The contractual relationship between author and intermediary—be it a producer, publisher, or anyone facilitating the commercial exploitation of the author’s copyrighted works—is often viewed as an unequal one. Other than a minority of superstars, the vast majority of authors are forced to accept contractual terms dictated by their powerful counterparties. This outcome is perceived by many scholars and policymakers as undesirable. Thus, in an effort to protect the authors’ wellbeing in their contractual dealings, legislatures from around the world are increasingly keen to adopt regulatory measures that limit the menu of options the parties can adopt contractually. Specifically, these instruments endeavor to offset author’s weak bargaining position either by ensuring a minimum level of remuneration to authors’ ex-ante or providing them with an inalienable right to ask for a modification of the com-sensation stipulated in the contract ex-post or by granting them an inalienable right to regain control of their previously transferred rights. Overall, these legislative interventions are seemingly based on the assumption that regulating author-intermediary transactions ex ante and ex post will invariably improve the financial situation of authors as a whole. This assumption is mistaken.

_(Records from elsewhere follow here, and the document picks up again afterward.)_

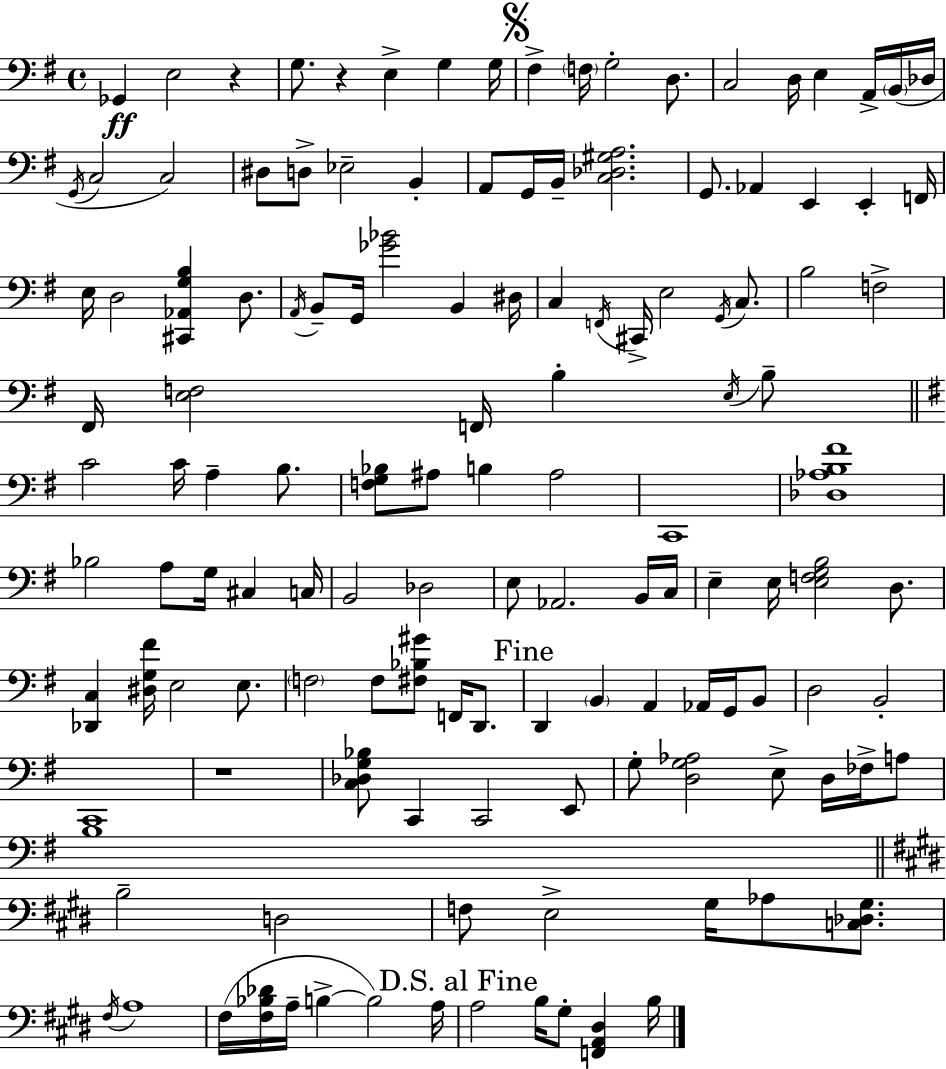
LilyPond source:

{
  \clef bass
  \time 4/4
  \defaultTimeSignature
  \key g \major
  ges,4\ff e2 r4 | g8. r4 e4-> g4 g16 | \mark \markup { \musicglyph "scripts.segno" } fis4-> \parenthesize f16 g2-. d8. | c2 d16 e4 a,16-> \parenthesize b,16( des16 | \break \acciaccatura { g,16 } c2 c2) | dis8 d8-> ees2-- b,4-. | a,8 g,16 b,16-- <c des gis a>2. | g,8. aes,4 e,4 e,4-. | \break f,16 e16 d2 <cis, aes, g b>4 d8. | \acciaccatura { a,16 } b,8-- g,16 <ges' bes'>2 b,4 | dis16 c4 \acciaccatura { f,16 } cis,16-> e2 | \acciaccatura { g,16 } c8. b2 f2-> | \break fis,16 <e f>2 f,16 b4-. | \acciaccatura { e16 } b8-- \bar "||" \break \key e \minor c'2 c'16 a4-- b8. | <f g bes>8 ais8 b4 ais2 | c,1 | <des aes b fis'>1 | \break bes2 a8 g16 cis4 c16 | b,2 des2 | e8 aes,2. b,16 c16 | e4-- e16 <e f g b>2 d8. | \break <des, c>4 <dis g fis'>16 e2 e8. | \parenthesize f2 f8 <fis bes gis'>8 f,16 d,8. | \mark "Fine" d,4 \parenthesize b,4 a,4 aes,16 g,16 b,8 | d2 b,2-. | \break c,1 | r1 | <c des g bes>8 c,4 c,2 e,8 | g8-. <d g aes>2 e8-> d16 fes16-> a8 | \break b1 | \bar "||" \break \key e \major b2-- d2 | f8 e2-> gis16 aes8 <c des gis>8. | \acciaccatura { fis16 } a1 | fis16( <fis bes des'>16 a16-- b4->~~ b2) | \break a16 \mark "D.S. al Fine" a2 b16 gis8-. <f, a, dis>4 | b16 \bar "|."
}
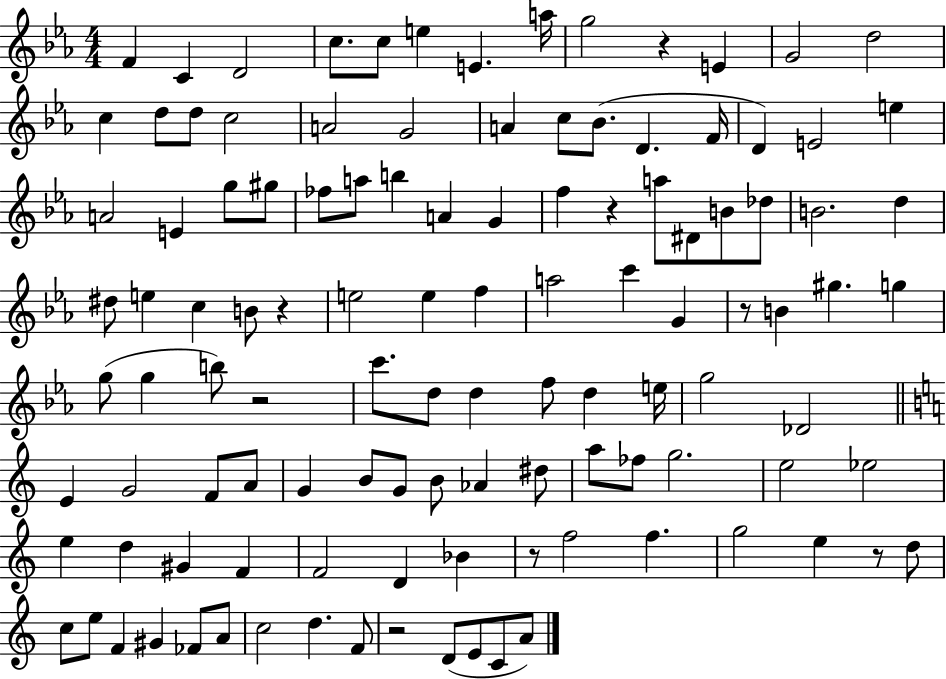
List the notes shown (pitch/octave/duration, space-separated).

F4/q C4/q D4/h C5/e. C5/e E5/q E4/q. A5/s G5/h R/q E4/q G4/h D5/h C5/q D5/e D5/e C5/h A4/h G4/h A4/q C5/e Bb4/e. D4/q. F4/s D4/q E4/h E5/q A4/h E4/q G5/e G#5/e FES5/e A5/e B5/q A4/q G4/q F5/q R/q A5/e D#4/e B4/e Db5/e B4/h. D5/q D#5/e E5/q C5/q B4/e R/q E5/h E5/q F5/q A5/h C6/q G4/q R/e B4/q G#5/q. G5/q G5/e G5/q B5/e R/h C6/e. D5/e D5/q F5/e D5/q E5/s G5/h Db4/h E4/q G4/h F4/e A4/e G4/q B4/e G4/e B4/e Ab4/q D#5/e A5/e FES5/e G5/h. E5/h Eb5/h E5/q D5/q G#4/q F4/q F4/h D4/q Bb4/q R/e F5/h F5/q. G5/h E5/q R/e D5/e C5/e E5/e F4/q G#4/q FES4/e A4/e C5/h D5/q. F4/e R/h D4/e E4/e C4/e A4/e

Drawing on insights from neoclassical and behavioral economics, the benefits and drawbacks of these interventions are narrated throughout this paper. It is further demonstrated that while these legislative interventions were adopted with the best possible intentions, they ultimately prove ineffective in meeting their own objective of securing authors a more favorable distribution of wealth. In fact, they occasionally harm the very group of beneficiaries they were designed to help. Particularly, the different forms of interventions into the author-intermediary contractual relationships create an inter-author redistribution of wealth and redistribution over time, which largely harm the most vulnerable groups of authors. These findings illustrate the limitations of the current legislative interventions that were designed to strengthen the position of authors vis-àvis their counterparties and emphasize that the structural disparities in bargaining powers cannot be easily remedied by legal intervention alone.